Microsoft Excel is a nice tool. It’s easy to use, simple and works pretty well right out of the box. This is part of the problem. So many of YOU (well in fairness, us) use Excel for just about everything. I know it’s hard to change our old ways and frankly it’s easier to keep doing what we’ve been used to doing than to learn how to use a new tool.

However, sometimes, that’s precisely what we need. Use a new tool. Here’s a true story that might help you better understand.

Monterey AgResources, based in Fresno, California, produces agricultural chemicals and nutrients, a process involving many steps from the early phases of R&D, through trials, warehousing, packaging and finally selling. Most of these moving parts hinge on external partners, such as chemists, marketers, compliance specialists and suppliers – managing this process with Excel became impossible.

It became even more unbearable after a $6,500 mistake payment went to a vendor.

Instead of Excel, AgResources now creates and manages projects over the Web in a communal environment, using a project management solution from Clarizen. Clarizen is available not only to internal team members, but also outside parties (like the chemists) who can login anytime, anywhere to update progress. Clarizen also features a Wiki-like notes section for real-time discussion.

Clarizen is but one of many project management tools that you really should consider instead of toiling away in Excel all day long. YOU THINK you’re doing just fine with Excel but you really don’t know what you’re missing until you take the time to use the right tool for the right job.

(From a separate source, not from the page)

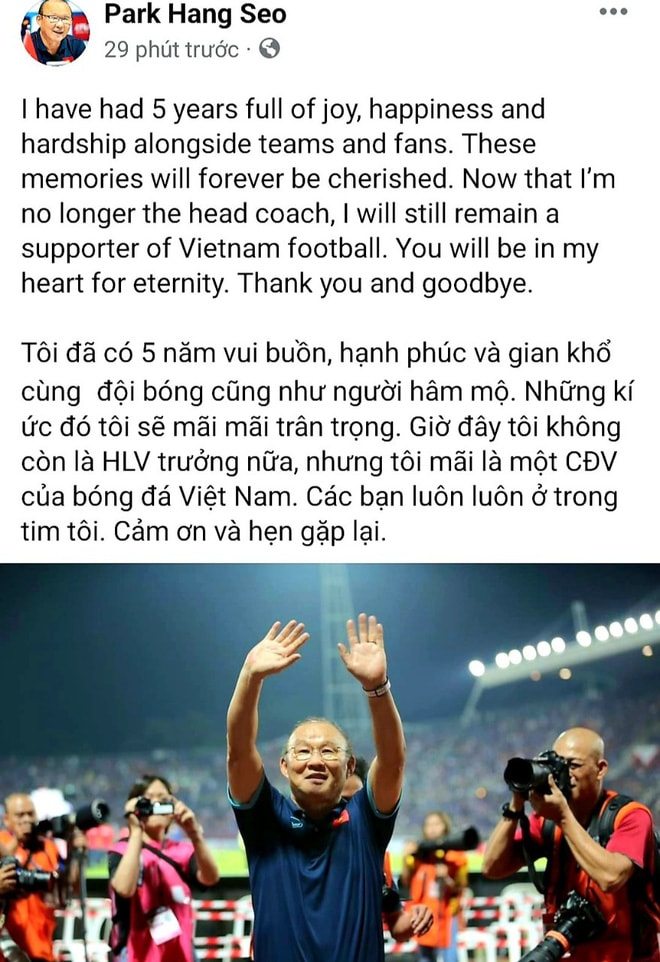 HLV Park Hang Seo nói lời chia tay và cho biết sẽ mãi là cổ động viên của bóng đá Việt Nam - Ảnh: FBNV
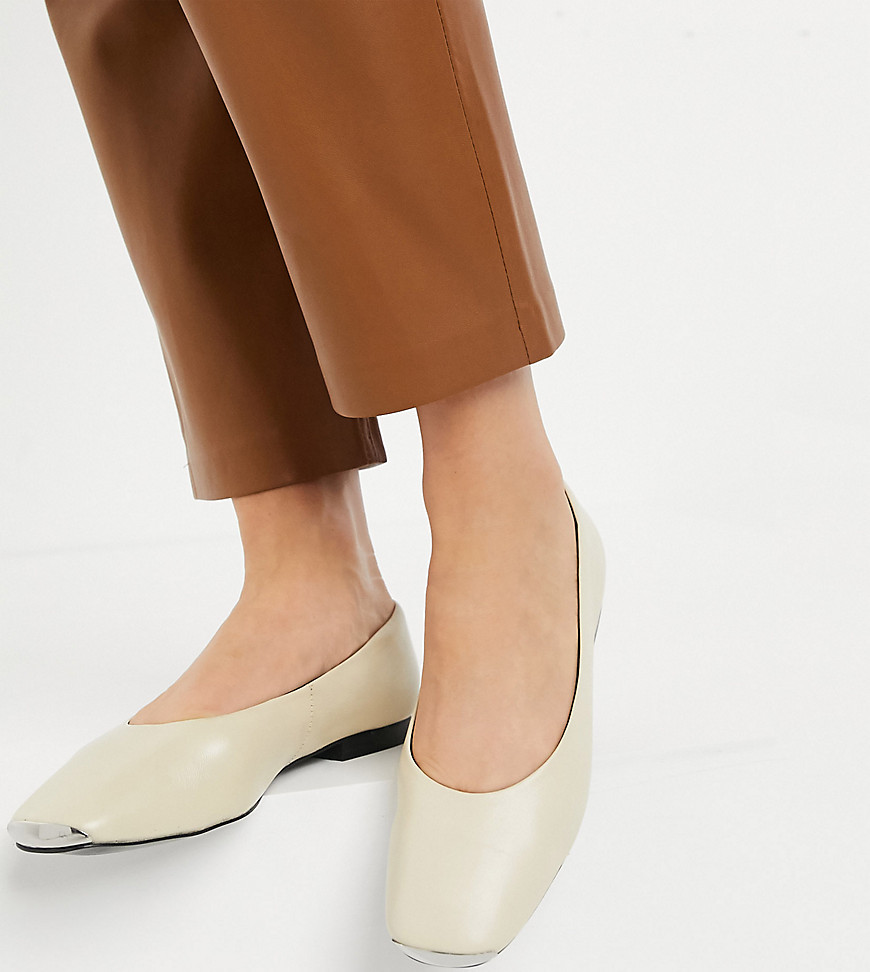 ASRA - Fleur - Exclusiev - Platte schoenen met teenstuk in gebroken wit leer-Crème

Maybe you don’t have the need for a project management tool, maybe a database or hosted application is the best solution for you. If you are a real estate agent and you are using a paper address book for your contact management you are most likely not using the best tool. As your client base and list of property for sale expands you’ll need a tool that can grow with you and help you digitally organize relationships, notes, schedule and other information. Paper can only do this so well, what you really need is some sort of a database. Changes to your paper PDA mean scratching out a contact or erasing it – instead of just deleting it or dragging a changed appointment to a new date.

If you have a retail store and are using an electronic cash register upgrading to a point of sale system (POS) that integrates accounting, sales management, inventory, CRM and other tools found in larger retailers might be something to consider. While your electronic cash register helps you ring up items to tell customers the total, it doesn’t help you manage customer relations (providing discounts to certain customers) or alert you when inventory is low. Using the right tool is not only a matter of business survival it can be the difference between your business growing or not as well.

You should not change technology or a particular business tool, just for the sake of changing it. But if you find that you are not as productive as your competitors or that you are wasting time, take a look around you, have a look on your desk. What tools are you using to get your day to day tasks done? Be it software, a computer or some gadget, it is important to ensure you are using the right tool for the right job.

Keep in mind, technology is NOT always the answer. But it is often a powerful aid in saving time, being more productive and making better decisions. For those of you who have many technology tools at your disposal, it’s important that you and your staff are trained in their use. If you are not trained in how to use a particular tool properly you will be wasting your time by not being able to maximize the use of the tool.